Conclusie hoger beroep en bespreking beroepsgronden
3.       Het hoger beroep is gegrond. De uitspraak van de rechtbank wordt vernietigd. Het is niet nodig wat de staatssecretaris verder heeft aangevoerd te bespreken. De Afdeling beoordeelt het beroep. Daarbij bespreekt zij alleen beroepsgronden waarover de rechtbank nog geen oordeel heeft gegeven en waarop na de overwegingen in hoger beroep nog moet worden beslist. Ook toetst zij de rechtmatigheid van de bewaring ambtshalve.
4.       De vreemdeling heeft betoogd dat de staatssecretaris onvoldoende voortvarend heeft gehandeld. Daarvoor voert hij aan dat hij ten tijde van de beroepsprocedure nog steeds in bewaring verbleef, terwijl er dagelijks vluchten vertrekken naar Warschau en hij een geldige Poolse identiteitskaart heeft.

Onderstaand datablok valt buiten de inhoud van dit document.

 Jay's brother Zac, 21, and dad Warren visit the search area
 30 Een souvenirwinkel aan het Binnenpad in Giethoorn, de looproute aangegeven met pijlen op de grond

De Afdeling stelt vast dat de staatssecretaris op 24 april 2023, dus op de vierde dag van de bewaring, de eerste handeling ter voorbereiding van de (feitelijke) uitzetting of overdracht heeft verricht door een uittreksel uit de Justitiële Documentatie aan het dossier toe te voegen. Op 25 april 2023 heeft een vertrekgesprek plaatsgevonden en op diezelfde dag heeft de staatssecretaris een vlucht aangevraagd. De Afdeling ziet in deze werkwijze geen aanknopingspunten voor het oordeel dat de staatssecretaris in dit geval onvoldoende voortvarend aan de overdracht van de vreemdeling heeft gewerkt. De Afdeling wijst ter vergelijking op haar uitspraak van 26 juli 2023, ECLI:NL:RVS:2023:2829, onder 10. Daarom slaagt deze beroepsgrond niet.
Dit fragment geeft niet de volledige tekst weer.